Io sono fermamente contrario a introdurre un insegnamento per ogni nuovo problema o per ogni nuova opportunità. D’altronde il nostro sistema scolastico ha già recepito a livello normativo l’insegnamento dei social media. Nel profilo in uscita al termine del primo ciclo di istruzione, già dal 2012 è scritto che ogni studente «Ha buone competenze digitali, usa con consapevolezza le tecnologie della comunicazione per ricercare e analizzare dati ed informazioni, per distinguere informazioni attendibili da quelle che necessitano di approfondimento, di controllo e di verifica e per interagire con soggetti diversi nel mondo». E sa chi dovrebbe insegnarlo? Tutti gli insegnanti di tutte le discipline, ciascuno per la sua parte. L’insegnante di italiano, per esempio, di cui io mi occupo nell’ambito del mio insegnamento di Didattica della letteratura italiana, dovrebbe avere un ruolo importante. La vera domanda dovrebbe essere: perché non lo facciamo nonostante sia prescritto dalla legge?
Chi, secondo lei, sarebbe la figura più adatta? Un esperto in scienze della comunicazione, un educatore oppure un esperto di tecnologia?
Io ritengo che i laureati e le laureate di oggi, insegnanti di domani, dovrebbero farsi carico di questo problema. In ogni settore, in ogni disciplina. Perché nessuna disciplina – neanche gli studi letterari – è estranea alle tecnologie digitali, o viene studiata e praticata da persone che vivono in un mondo pre-digitale.
A tal proposito, pensa possa essere giusto “rivoluzionare” il corso di laurea in scienze della comunicazione verso questo obiettivo dando ulteriori sbocchi professionali ai neolaureati che spesso hanno difficoltà a trovare un’occupazione?
La domanda mi spiazza. Per rispondere dovrei studiare approfonditamente il corso.

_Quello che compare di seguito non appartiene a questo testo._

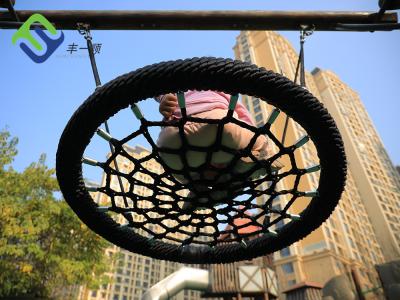 Китай Гнездо подгонянных детей отбрасывает на открытом воздухе качание гнезда 100cm 120cm продается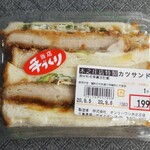 オンリーワン - 木之庄店特製カツサンド(税抜)199円　(2020.09.05)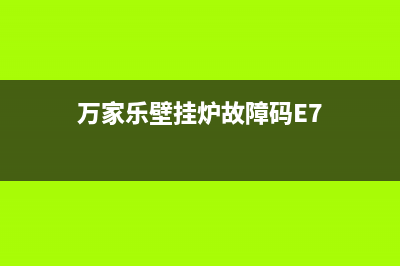 万家乐壁挂炉故障代码e5(万家乐壁挂炉故障码E7)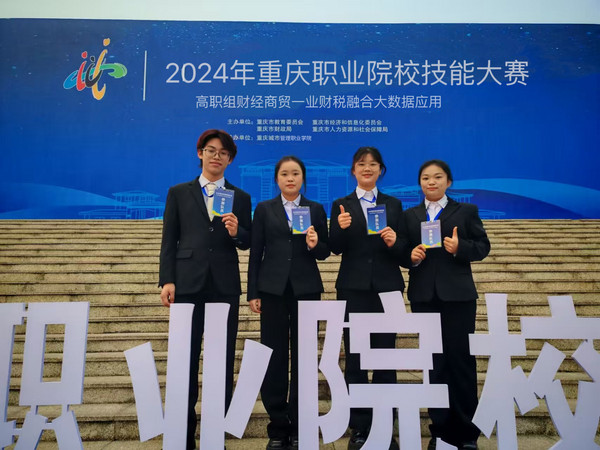 微信图片_20250113205609.jpg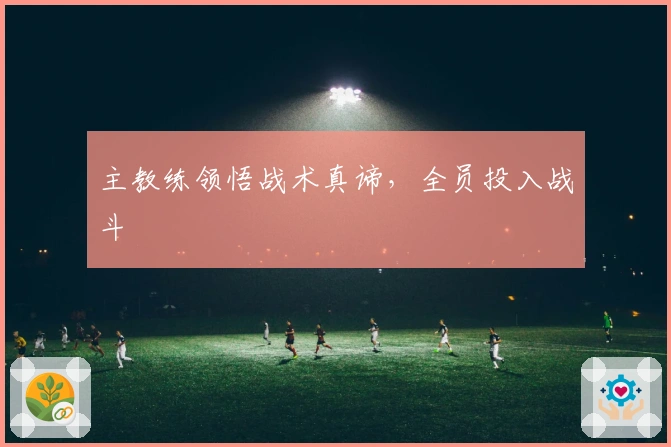 主教练领悟战术真谛，全员投入战斗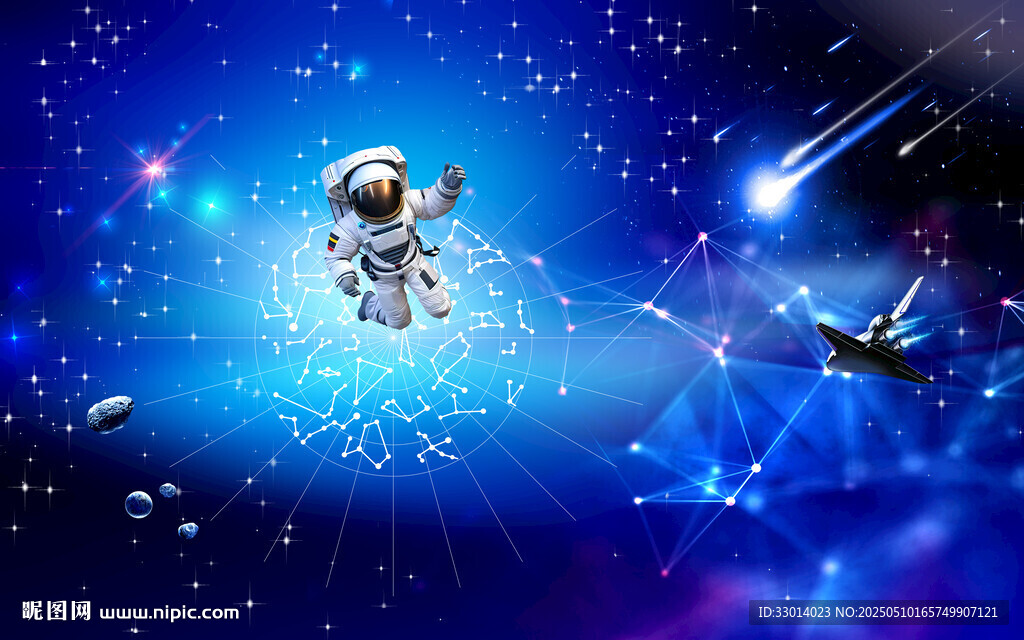 宇宙星空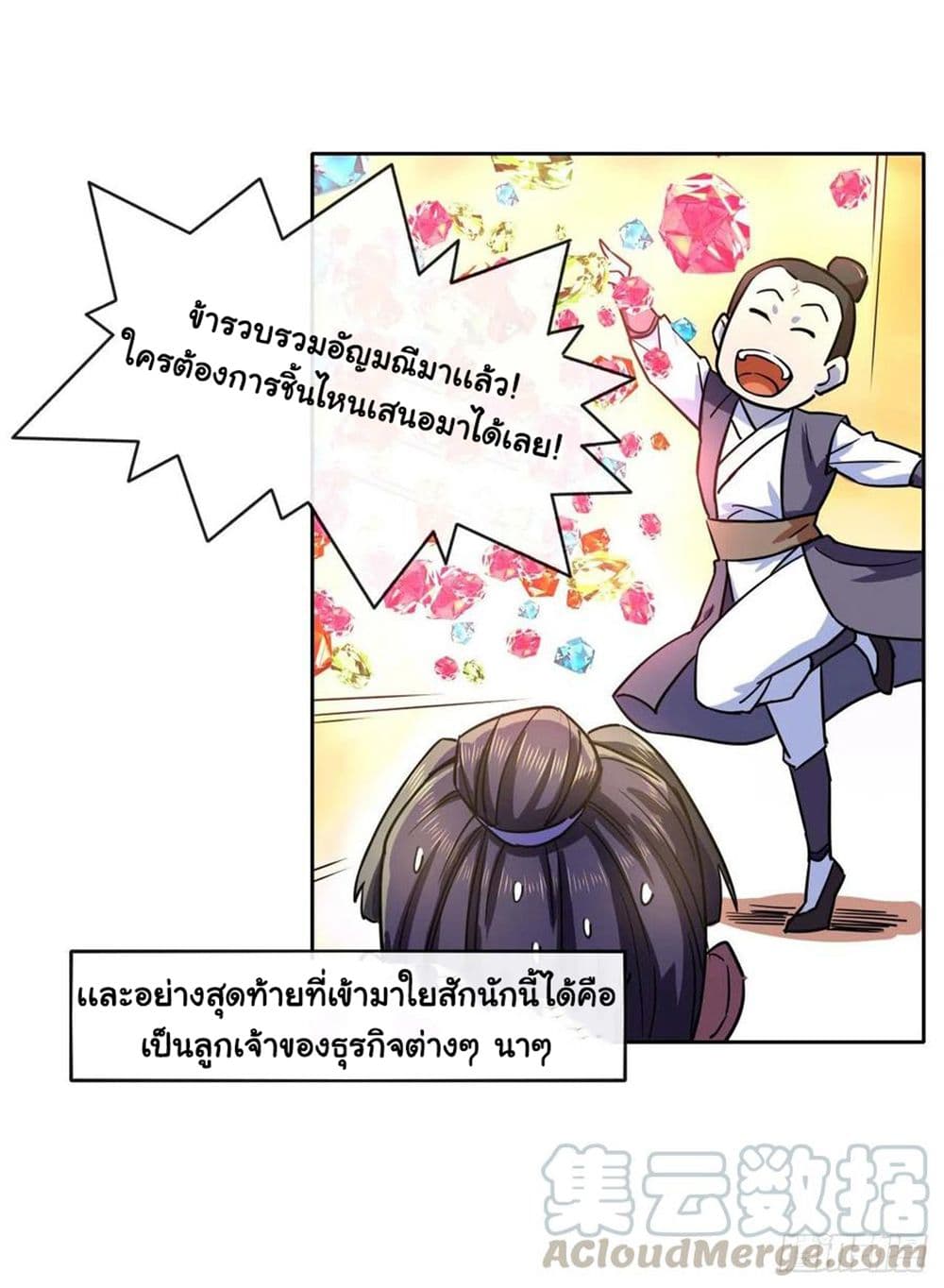 The Cultivators Immortal Is My Sister อยู่ดีๆผมก็มีพี่สาวสุดเทพ 139-139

Ma in linea di massima direi di no, almeno per quel che riguarda l’area educativa, dove servono persone dotate sia di una solida preparazione disciplinare sia di una altrettanto solida preparazione pedagogico-didattica. Personalmente sarei favorevole a una maggiore contaminazione tra le aree disciplinari, e ritengo utile che molti saperi presenti nei corsi di laurea in scienze della comunicazione siano affrontati anche dai letterati, per esempio, e viceversa. Ma non sono favorevole alla continua rincorsa della specializzazione, né tantomeno vedo di buon occhio la moltiplicazione dei settori disciplinari nell’università e nella scuola.